MemPal organizes everything into a spatial metaphor — a memory palace:

graph TD
    P["🏛 PALACE<br><i>~/.mempal/palace</i>"]

    P --> W1["🪟 WING: my_app"]
    P --> W2["🪟 WING: team_chats"]
    P --> W3["🪟 WING: ..."]

    W1 --> R1["🚪 backend"]
    W1 --> R2["🚪 frontend"]
    W1 --> R3["🚪 documentation"]

    R1 --> D1["📄 chunk from app.py"]
    R1 --> D2["📄 chunk from routes.py"]
    R1 --> D3["📄 chunk from models.py"]
    R2 --> D4["📄 chunk from index.html"]
    R3 --> D5["📄 chunk from README.md"]

    W2 --> R4["🚪 decisions"]
    W2 --> R5["🚪 technical"]
    W2 --> R6["🚪 problems"]

    R4 --> D6["📄 'we chose Postgres because...'"]
    R5 --> D7["📄 'the API rate limit fix was...'"]
    R6 --> D8["📄 'auth kept failing because...'"]

    style P fill:#1a1920,stroke:#c9a86c,color:#e8e4df,stroke-width:3px
    style W1 fill:#1a1920,stroke:#6c8ec9,color:#e8e4df,stroke-width:2px
    style W2 fill:#1a1920,stroke:#6c8ec9,color:#e8e4df,stroke-width:2px
    style W3 fill:#1a1920,stroke:#6c8ec9,color:#e8e4df,stroke-width:1px,stroke-dasharray: 5 5
    style R1 fill:#1a1920,stroke:#8ec96c,color:#e8e4df
    style R2 fill:#1a1920,stroke:#8ec96c,color:#e8e4df
    style R3 fill:#1a1920,stroke:#8ec96c,color:#e8e4df
    style R4 fill:#1a1920,stroke:#8ec96c,color:#e8e4df
    style R5 fill:#1a1920,stroke:#8ec96c,color:#e8e4df
    style R6 fill:#1a1920,stroke:#8ec96c,color:#e8e4df

PalaceWing (a project) → Room (an aspect) → Drawer (verbatim content, never summarized)

Key principle: Drawers store verbatim content — exact words, never summarized. Your AI can summarize at query time if it wants to. The palace preserves the original.

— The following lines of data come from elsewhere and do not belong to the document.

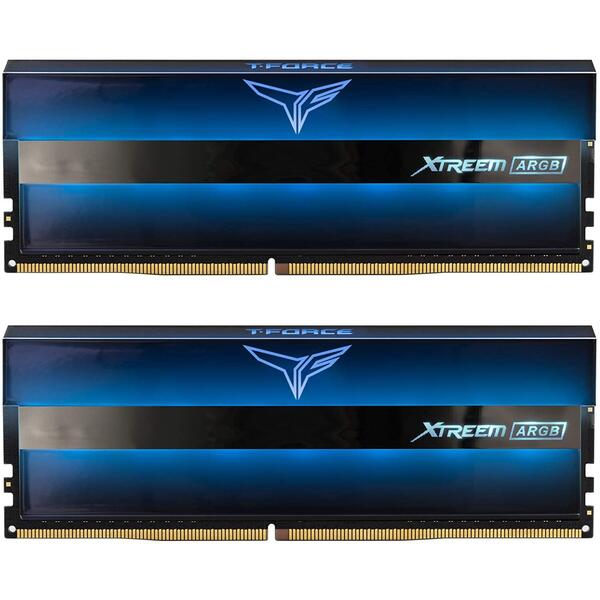 Memorie Team Group T-Force Xtreem ARGB DDR4 16GB 3200 MHz CL16 Kit Dual Channel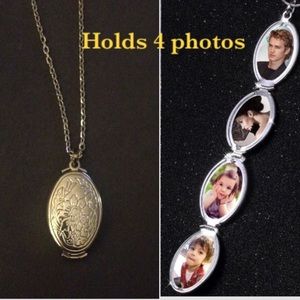 NEW 4 Photo Locket Necklace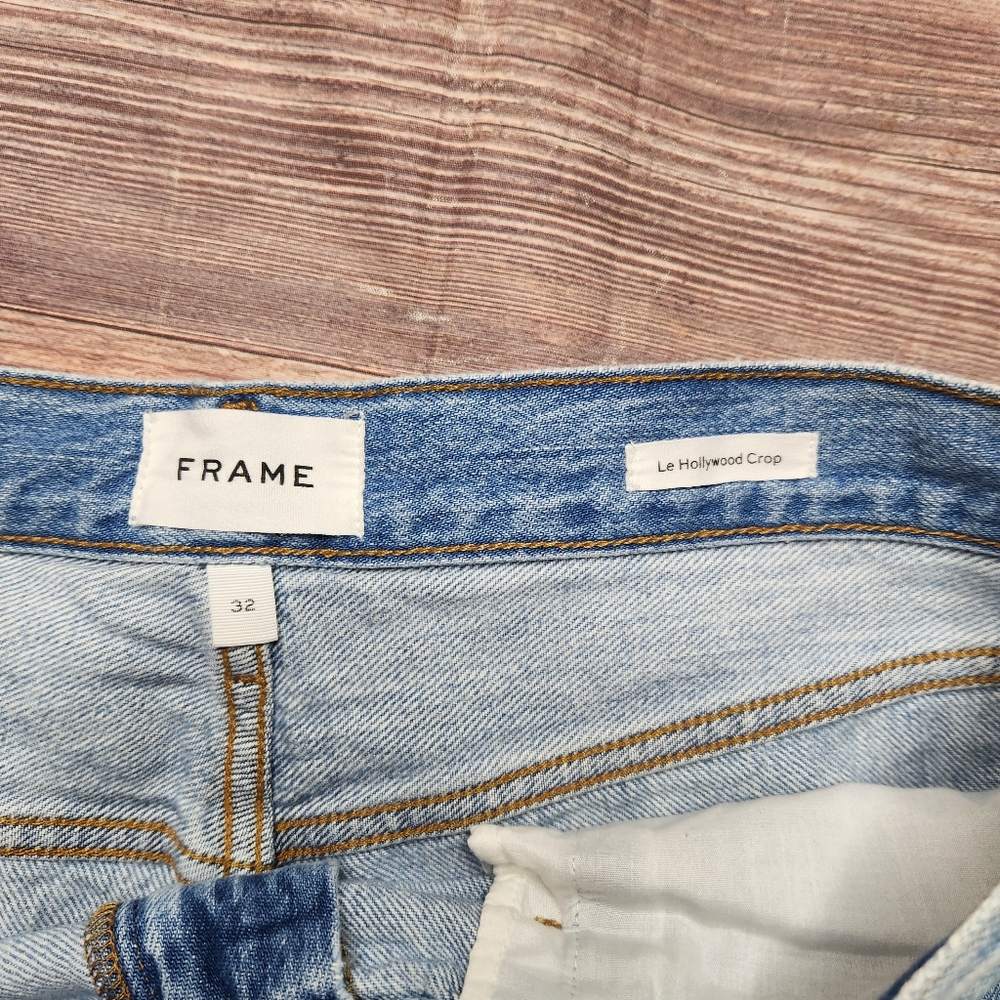 Frame Denim Light Blue Cropped Ankle Jeans - Picture 6 of 10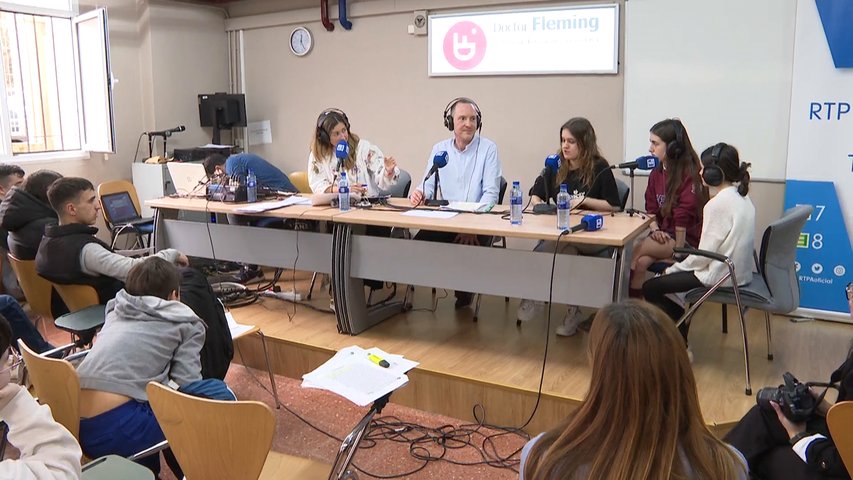 'La radio es mía' de RPA en el Instituto Fleming de Oviedo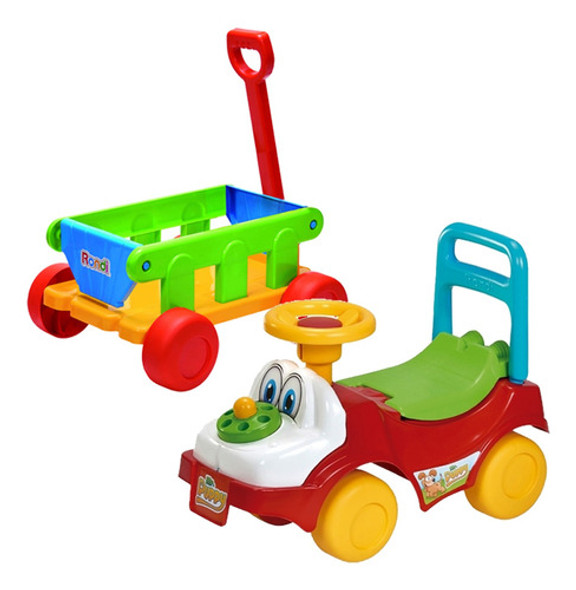 Pata Pata Wagon Rondi Combo X 2 Plaza Blanda Andarin Coche 0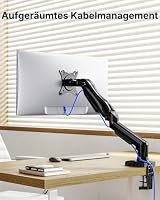 HUANUO Monitor Halterung für 13 bis 32 Zoll Bildschirme, Einzelner Monitorarm Ständer Hält 2~9 kg, Höhenverstellbare mit Neigungen, Schwenken, Dreht, VESA 75 & 100 mm – Ansicht 6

Every drawer has metadata:

Field Example Purpose
wing "my_app" Which project/source
room "backend" Which aspect
source_file "/path/to/app.py" Where it came from
chunk_index 0 Which chunk of that file
filed_at "2026-03-20T..." When it was stored
ingest_mode "projects" or "convos" How it was mined
added_by "mempal" What agent filed it

Mining: Getting Data In

Mode 1: Projects

Point MemPal at any codebase. It scans the folder structure, auto-detects rooms from directory names, and chunks every readable file into the palace.

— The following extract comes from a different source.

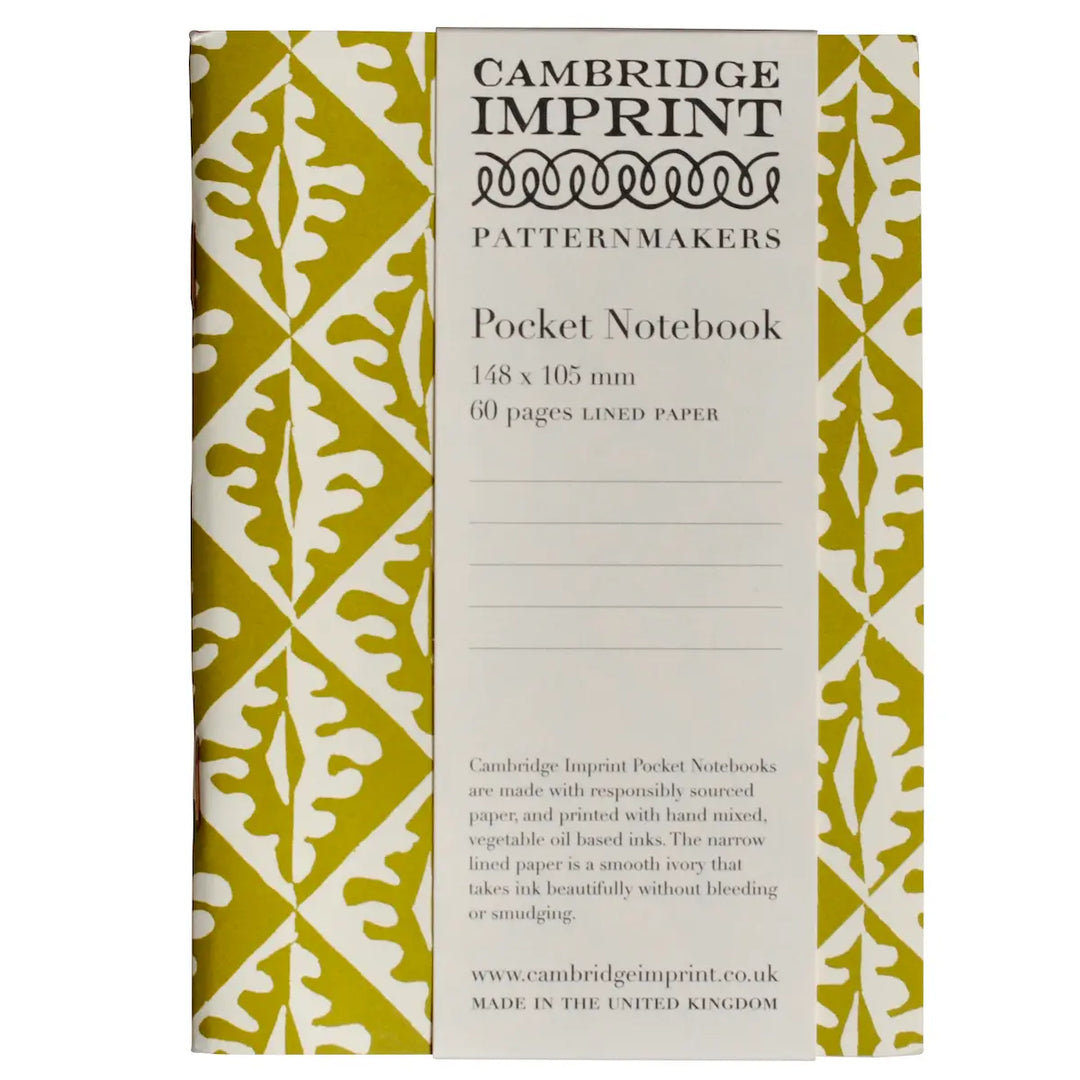 Cambridge Imprint Patternmakers Pocket Notebook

python mempal.py init ~/projects/my_app    # scan folders, create mempal.yaml
python mempal.py mine ~/projects/my_app    # chunk and store everything

How room detection works for projects:

Your folder Room created
frontend/, ui/, components/ frontend
backend/, api/, server/ backend
docs/, documentation/, wiki/ documentation
tests/, testing/, qa/ testing
planning/, roadmap/, strategy/ planning
config/, settings/, infra/ configuration
scripts/, tools/, utils/ scripts
design/, mockups/, wireframes/ design
meetings/, standup/ meetings
costs/, budget/, pricing/ costs

70+ folder patterns are recognized. Files that don't match any pattern go to general.

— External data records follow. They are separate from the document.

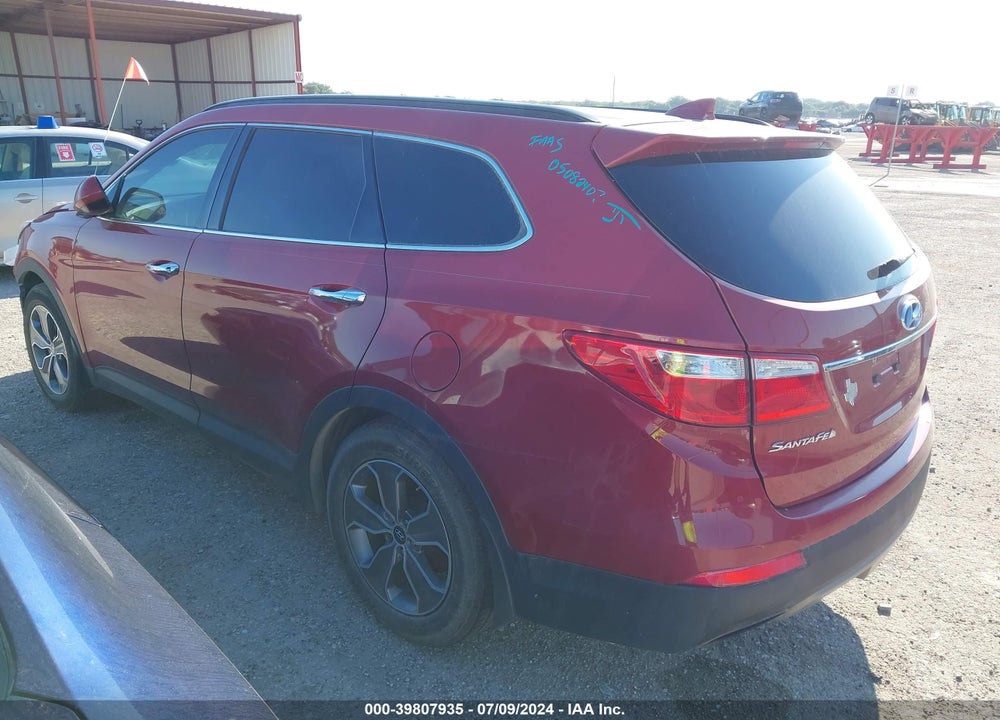 2014 HYUNDAI SANTA FE GLS VIN: KM8SM4HF3EU035558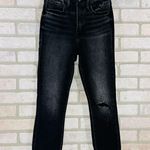 Good American  Good Waist Skinny Cropped Distressed Jeans in Black Size 25 Photo 5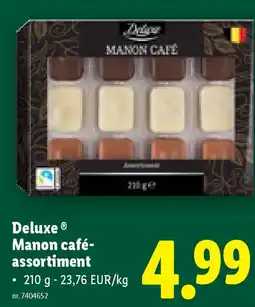 Lidl Deluxe Manon café assortiment aanbieding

What gets chunked: .txt .md .py .js .ts .jsx .tsx .json .yaml .yml .html .css .java .go .rs .rb .sh .csv .sql .toml

What gets skipped: node_modules/, .git/, __pycache__/, .venv/, venv/, build/, dist/, coverage/, .next/, .mempal/, env/.

Chunking rules: 800 characters per chunk, breaking on paragraph or line boundaries, with 100-character overlap between chunks for context continuity. Chunks under 50 characters are discarded.

Mode 2: Conversations

Point MemPal at your exported chat files. It normalizes any format into a standard transcript, then chunks by exchange pair (one user message + one AI response = one drawer).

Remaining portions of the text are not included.